(RECORDS SUPPLIED Opens)

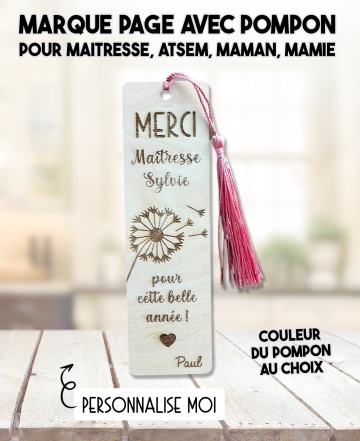 Marque page pompon en bois. marque page adulte bois personnalisé. cadeau maîtresse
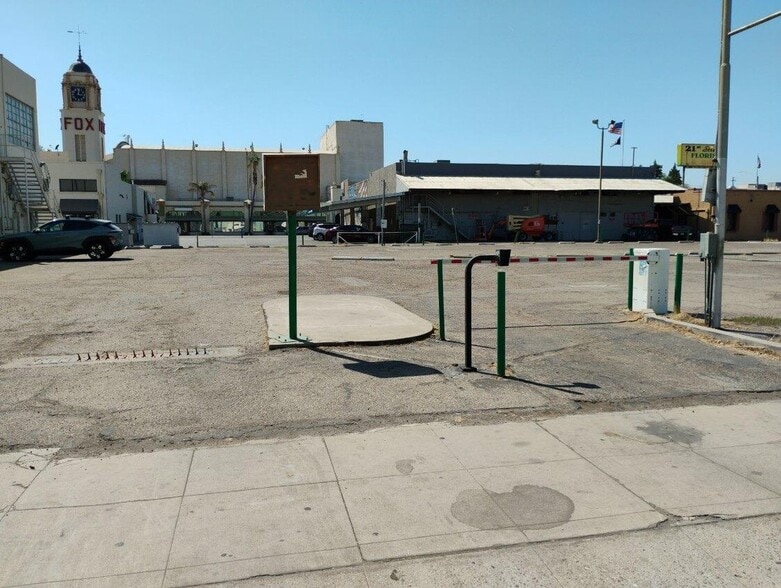 More Photos Of 2007 Eye St, Bakersfield Land For Lease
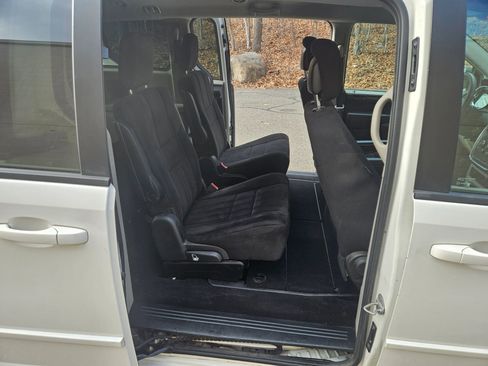 Used 2013 Dodge Grand Caravan SE FWD image 7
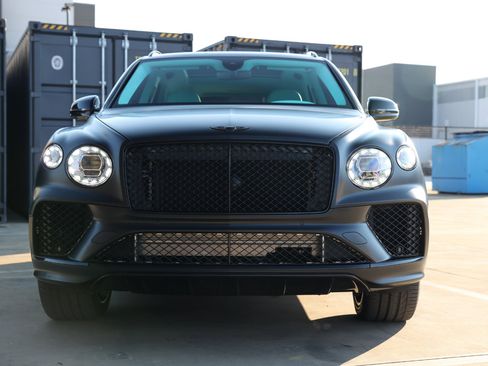 Used 2021 Bentley Bentayga image 19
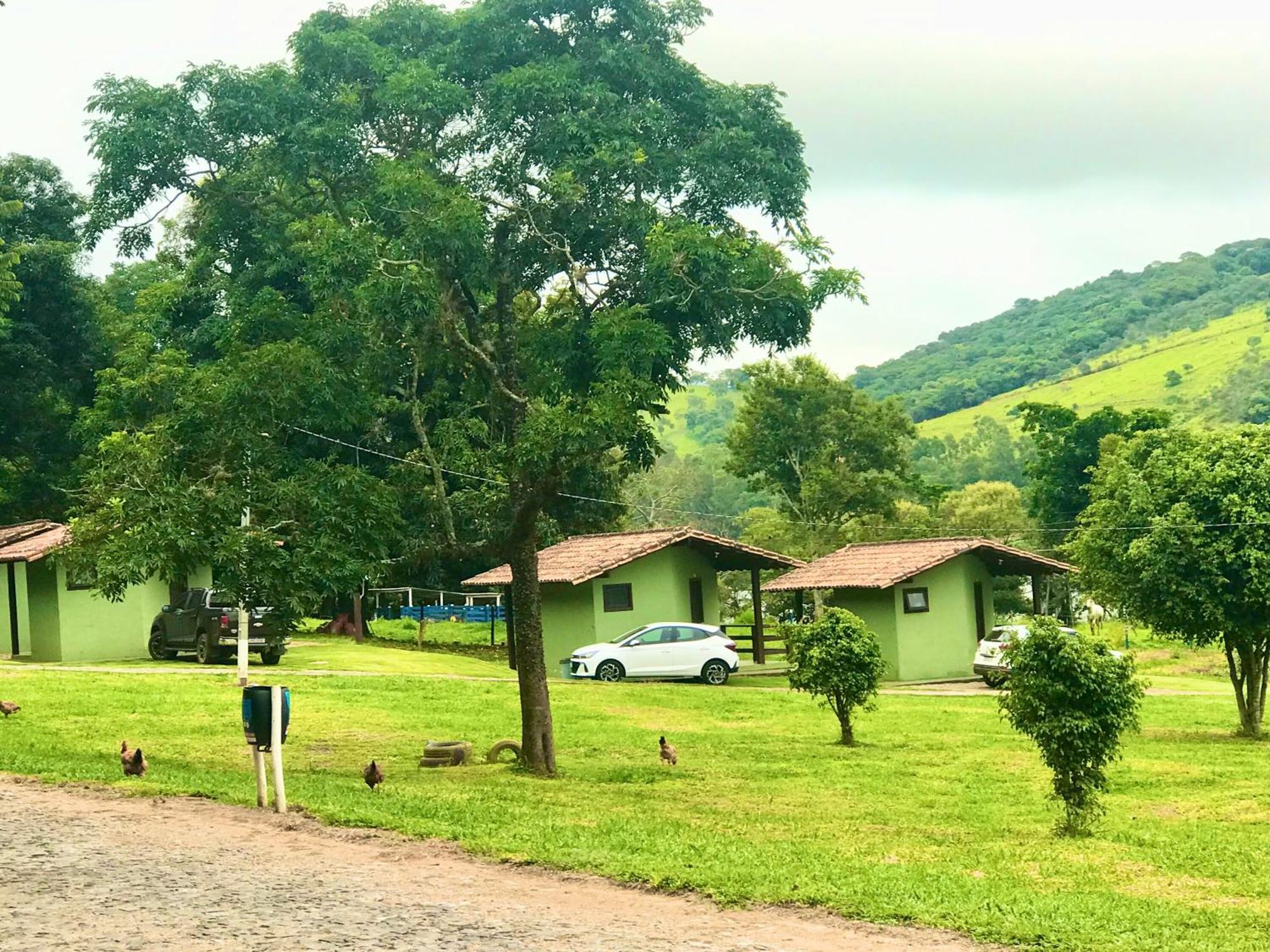 Pousada E Camping Recanto Da Praia Capitolio Luaran gambar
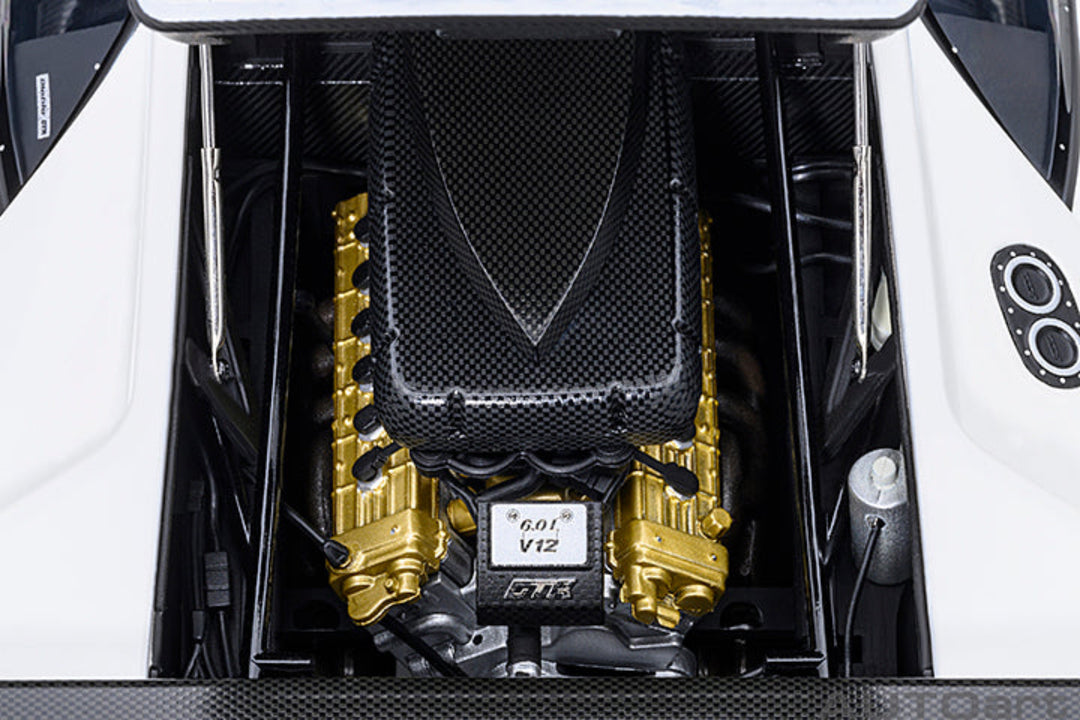 [Preorder] AUTOart 1:18 Lamborghini Diablo GT-R  - Impact White 79136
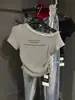 Camiseta de mujer de estilo coreano, versátil, con huecos, cuello redondo, de un solo hombro, manga corta, con estampado de letras, fruncido asimétrico, corte ajustado, adelgazante para el verano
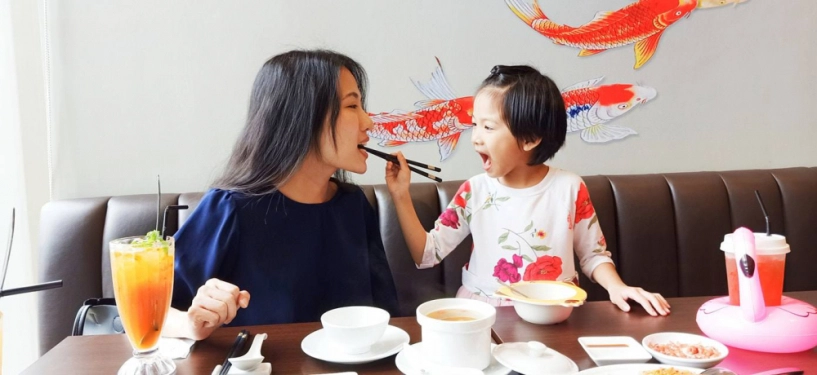Nữ y tá xinh đẹp khiến fan nam tình nguyện ốm đời thực làm mẹ đơn thân - 12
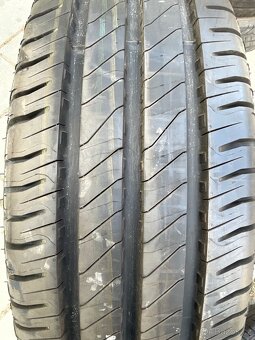 Úplně nové 215/65/16 C Michelin na dodávku - 3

(RECORDS SUPPLIED Closes)

*BRIEF*:
Word for word, restate all of the material, omitting the images.

*TASK OUTPUT*:
 Marque page pompon en bois. marque page adulte bois personnalisé. cadeau maîtresse
 More Photos Of 2007 Eye St, Bakersfield Land For Lease
 Used 2013 Dodge Grand Caravan SE FWD image 7
 Used 2021 Bentley Bentayga image 19
 Pousada E Camping Recanto Da Praia Capitolio Luaran gambar
 [Preorder] AUTOart 1:18 Lamborghini Diablo GT-R  - Impact White 79136
 Camiseta de mujer de estilo coreano, versátil, con huecos, cuello redondo, de un solo hombro, manga corta, con estampado de letras, fruncido asimétrico, corte ajustado, adelgazante para el verano
Nữ y tá xinh đẹp khiến fan nam tình nguyện ốm đời thực làm mẹ đơn thân - 12
 Úplně nové 215/65/16 C Michelin na dodávku - 3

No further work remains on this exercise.